-- MATERIAL SHOWN follows --

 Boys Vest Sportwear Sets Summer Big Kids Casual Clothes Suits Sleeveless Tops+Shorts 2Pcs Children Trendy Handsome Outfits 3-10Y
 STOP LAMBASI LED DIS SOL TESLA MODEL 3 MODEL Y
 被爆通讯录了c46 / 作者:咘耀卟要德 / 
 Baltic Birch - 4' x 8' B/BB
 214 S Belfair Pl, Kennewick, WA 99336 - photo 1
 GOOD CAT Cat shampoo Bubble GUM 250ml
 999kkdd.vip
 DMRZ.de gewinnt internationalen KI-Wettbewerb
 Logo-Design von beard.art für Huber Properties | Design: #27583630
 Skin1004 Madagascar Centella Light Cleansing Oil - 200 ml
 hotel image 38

-- MATERIAL SHOWN concluded --

- [WORK INSTRUCTION]: Lines before the one containing "214 S Belfair" are left out. Repeat that line and all lines after it in the records above exactly.

- [ANSWER BOX]:
 214 S Belfair Pl, Kennewick, WA 99336 - photo 1
 GOOD CAT Cat shampoo Bubble GUM 250ml
 999kkdd.vip
 DMRZ.de gewinnt internationalen KI-Wettbewerb
 Logo-Design von beard.art für Huber Properties | Design: #27583630
 Skin1004 Madagascar Centella Light Cleansing Oil - 200 ml
 hotel image 38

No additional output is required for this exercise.